REQUIREMENT - Please produce an exact copy of only the lines from the one with "Farbstarke, mehrschichtige, abwaschbare" through the last one of the material, without pictures.

AVAILABLE DATA -
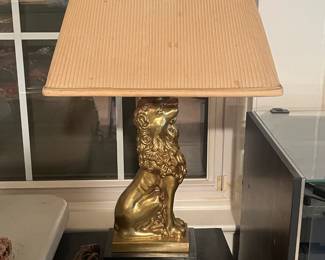 Robert Abbey Hollywood Regency style brass lion table lamp w/original shade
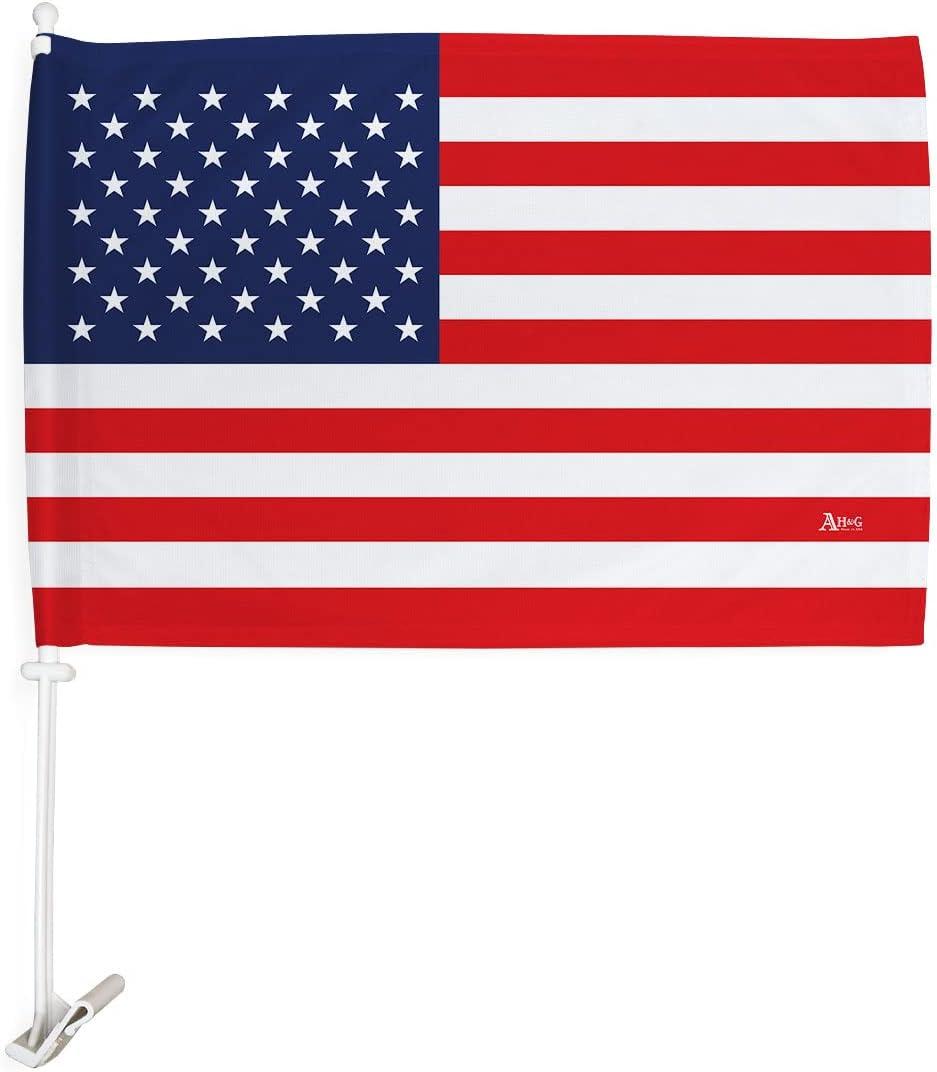 USA Car Flag Decorations Flags Kit Bandera Para Carros Window Clip Pole Mount Kit Truck Rod Auto Accessories Freedom Poster Independence Day Gifts American Patriotic Decor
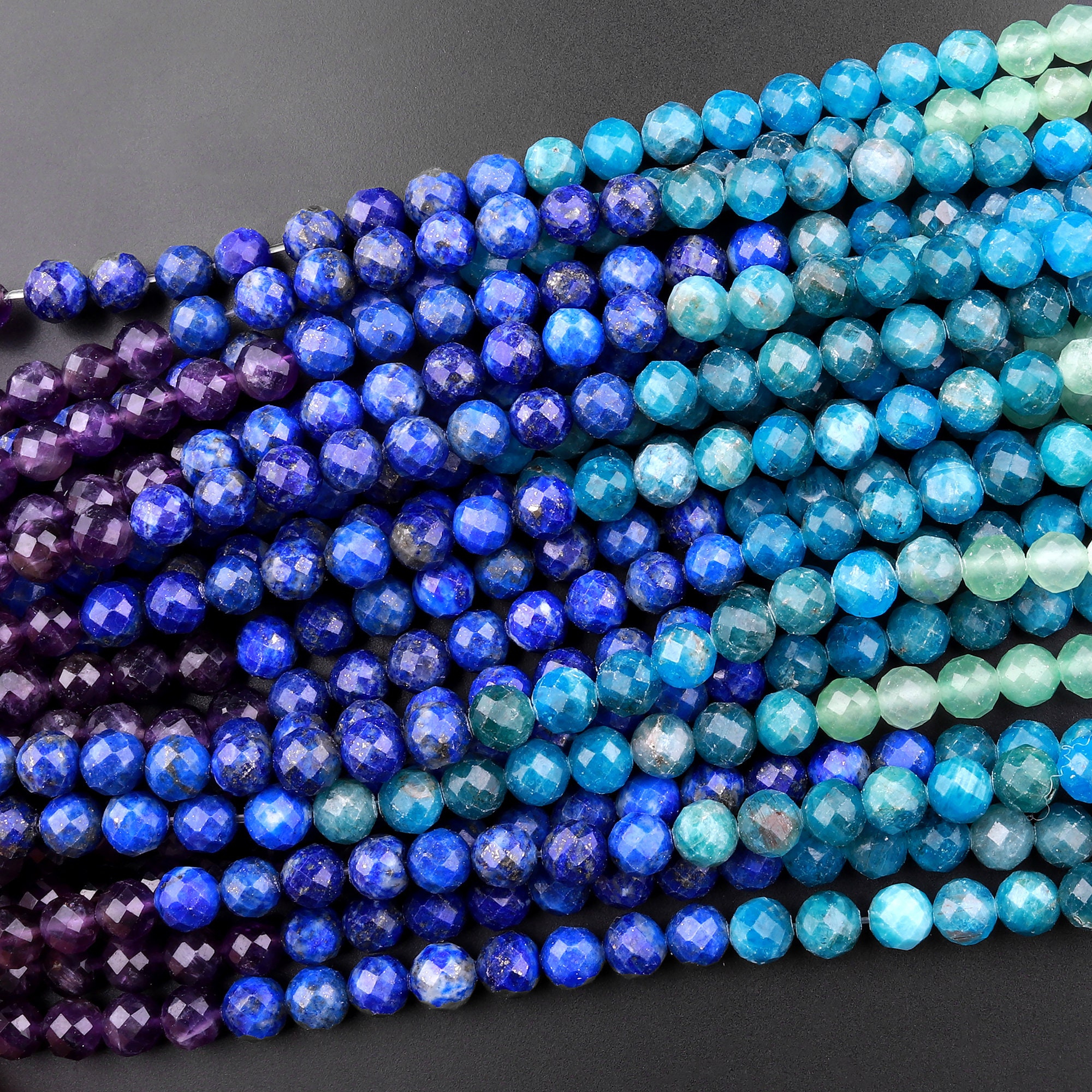 Faceted Natural Chakra 4mm 6mm 8mm Beads Gemstone Amethyst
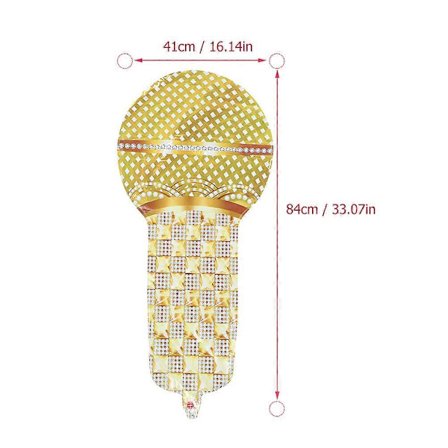 15 kpl Mikrofoni Muotoinen Ilmatäytteinen Ilmapallo Juhlakoriste Musiikki Teemajuhla Kultainen Alumiinifolio Kultainen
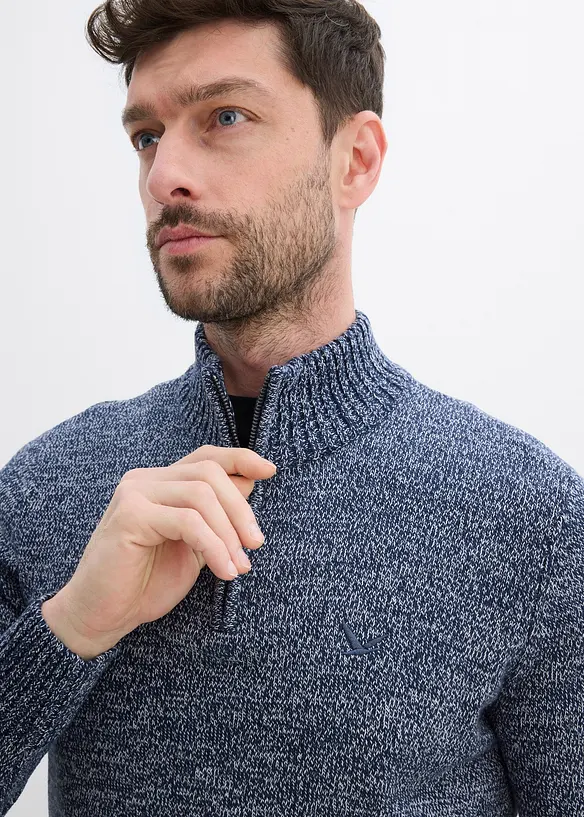 Maglione con mezza zip e cotone, bonprix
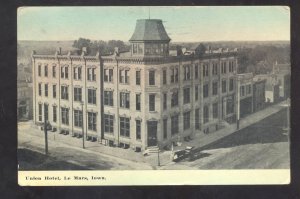 LE MARS IOWA DOWNTOWN UNION HOTEL LEMARS IA. 1917 VINTAGE POSTCARD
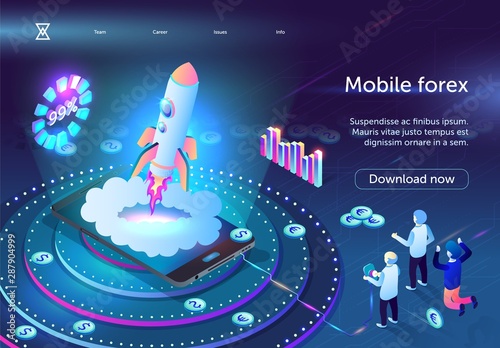 People Cheer Up Rocket Flying from Mobile Screen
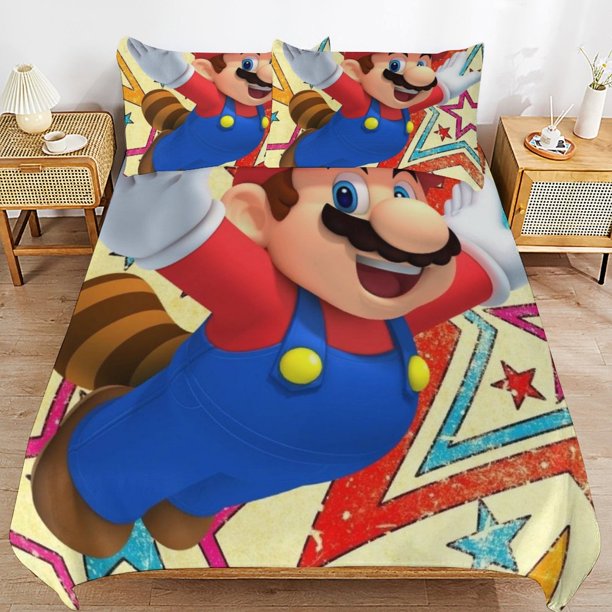 Super Mario 3-Piece Comforter Set for Bedroom Super Mario Bedding Set for Kids Adults Soft Microfiber Duvet Cover Set with Zipper Closure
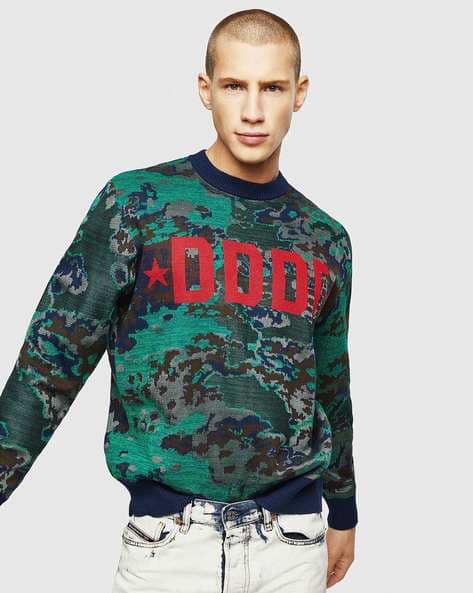 Buy DIESEL K-SEAS Camouflage Pattern Pullover | Green Color Men 
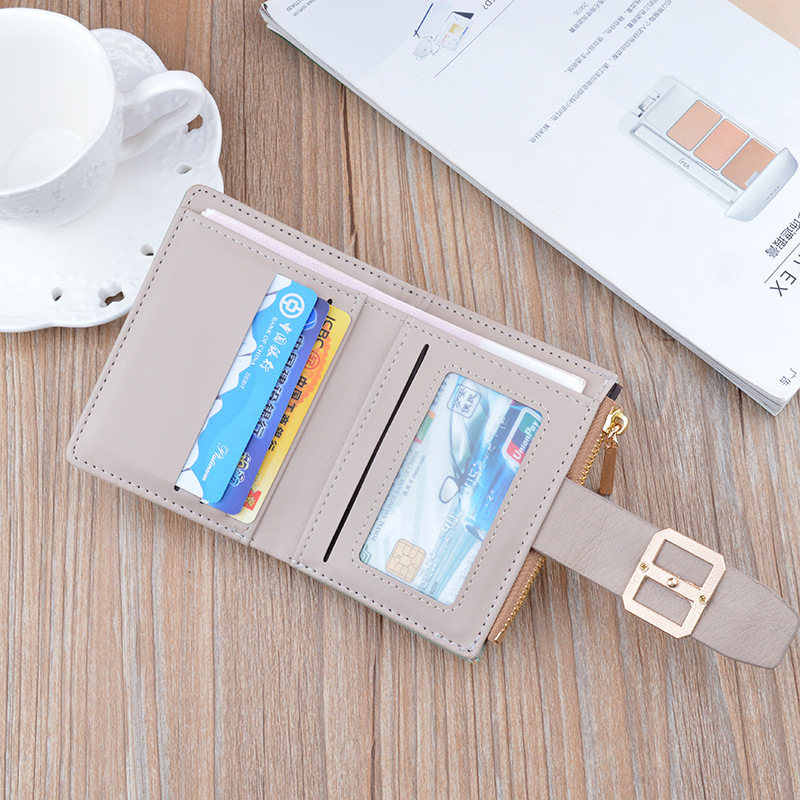 New Wallet Women's Short Wallet Small Fashionable Contrast Color Zipper Wallet Student Drawstring Buckle Coin Purse Card Holder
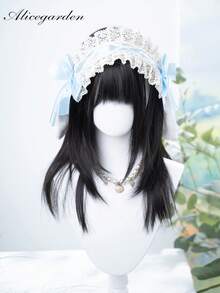 alicegarden 1 合成耐热假发，黑色长直发带刘海假发，22 英尺长，由纤维制成，适合日常使用，自然仿真假发 - 黑色 - 查看 12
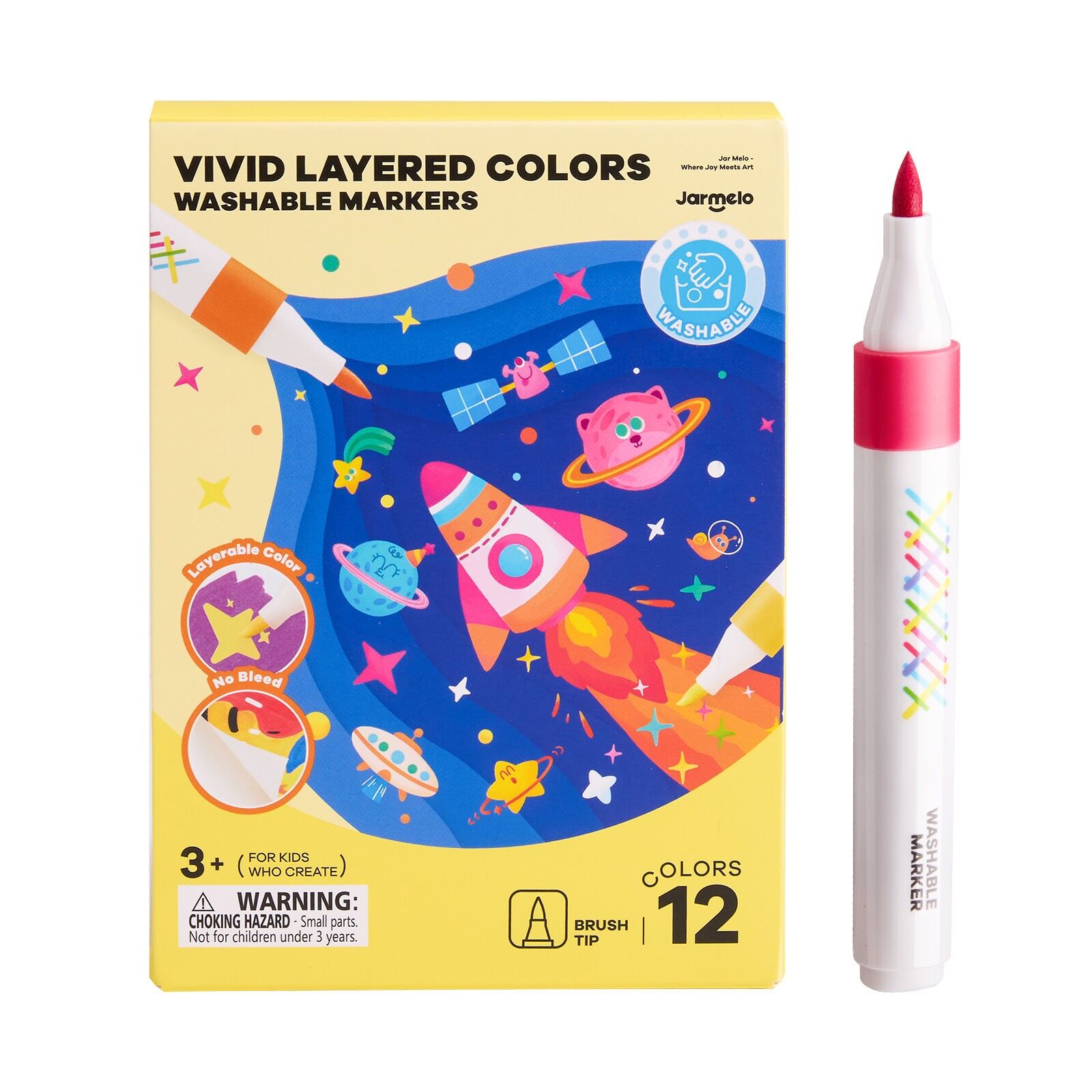 Farbstarke, mehrschichtige, abwaschbare Filzstifte, 12 Stück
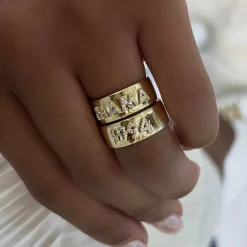 Custom 3D Diamond Solid Gold Cigar Band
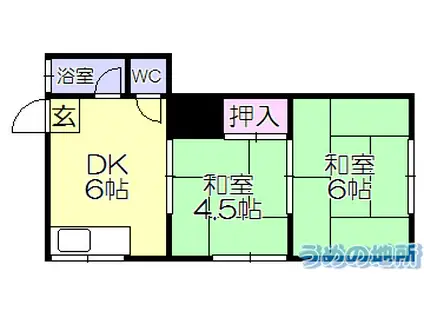 石井コーポ(2DK/2階)の間取り写真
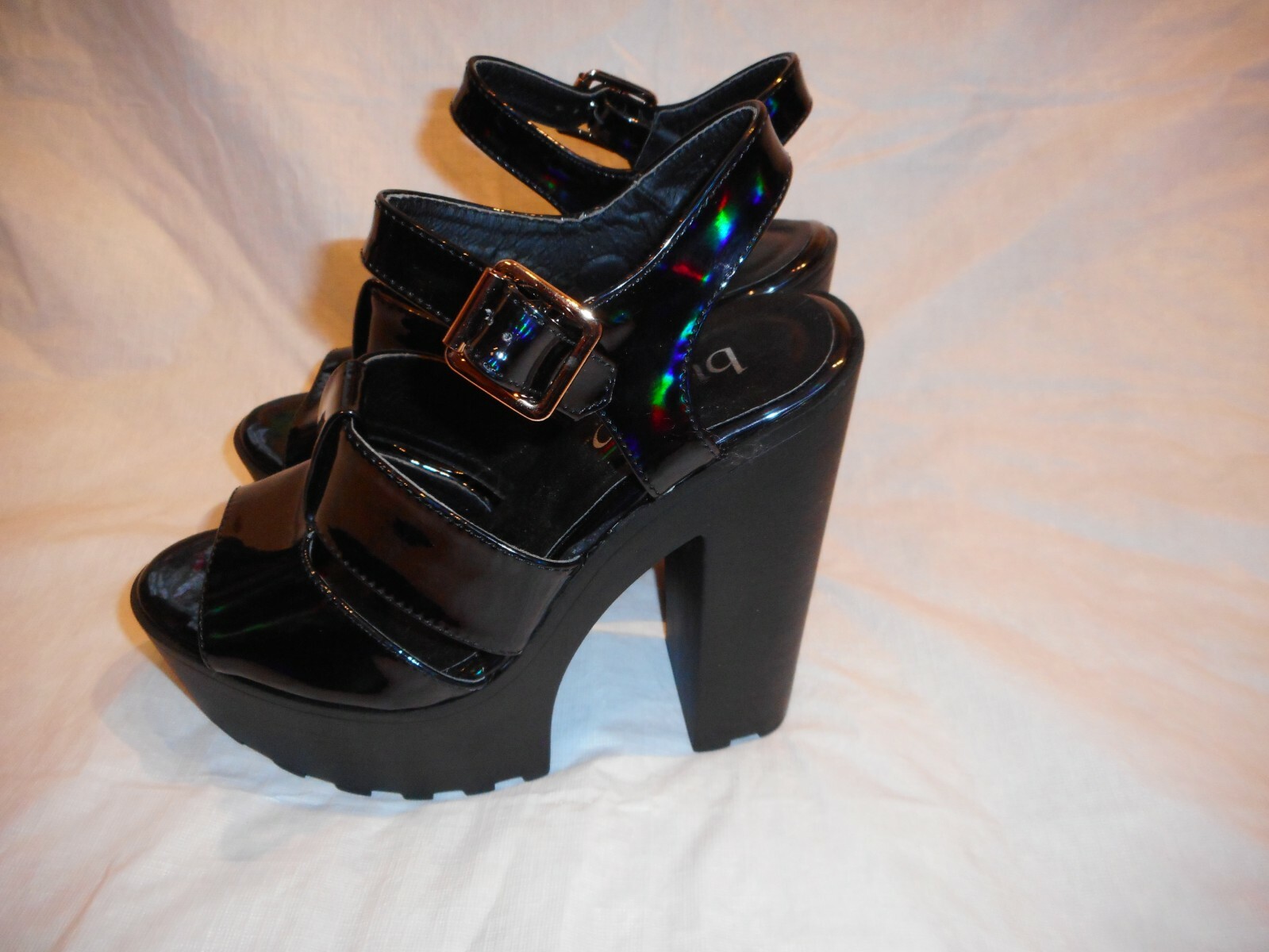 Bucco Capensis Black Man Made Materials Open Toe High Heel US Size 8
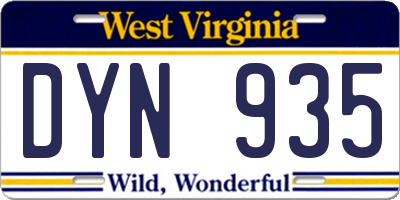 WV license plate DYN935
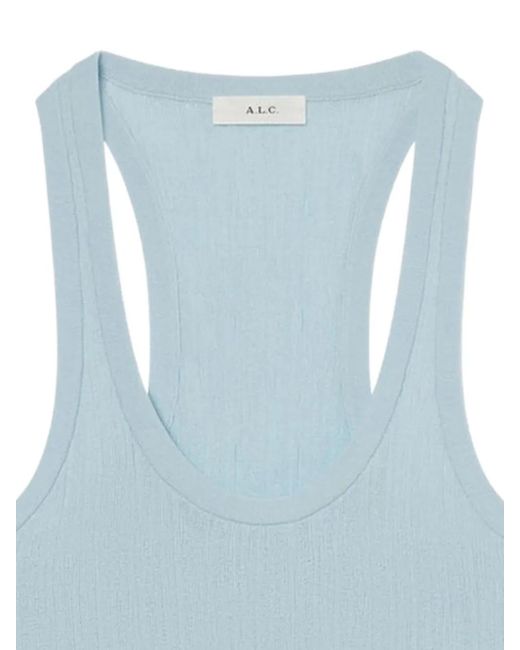 A.L.C. Blue Racerback Ribbed Top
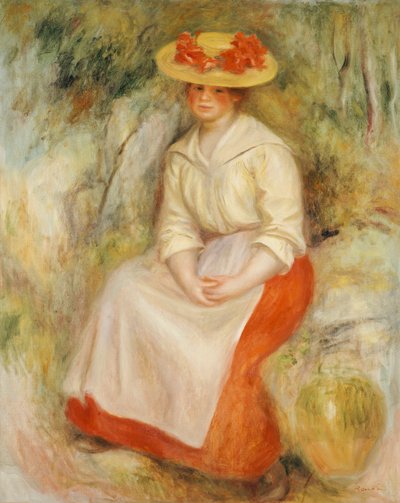 Gabrielle olkihatussa, 1900 tekijältä Pierre Auguste Renoir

ANSWER TO THIS PROBLEM -
 Farbstarke, mehrschichtige, abwaschbare Filzstifte, 12 Stück
 Custom 3D Diamond Solid Gold Cigar Band
 石井コーポ(2DK/2階)の間取り写真
 Bucco Capensis Black Man Made Materials Open Toe High Heel US Size 8
 WV license plate DYN935
 A.L.C. Blue Racerback Ribbed Top
 Gabrielle olkihatussa, 1900 tekijältä Pierre Auguste Renoir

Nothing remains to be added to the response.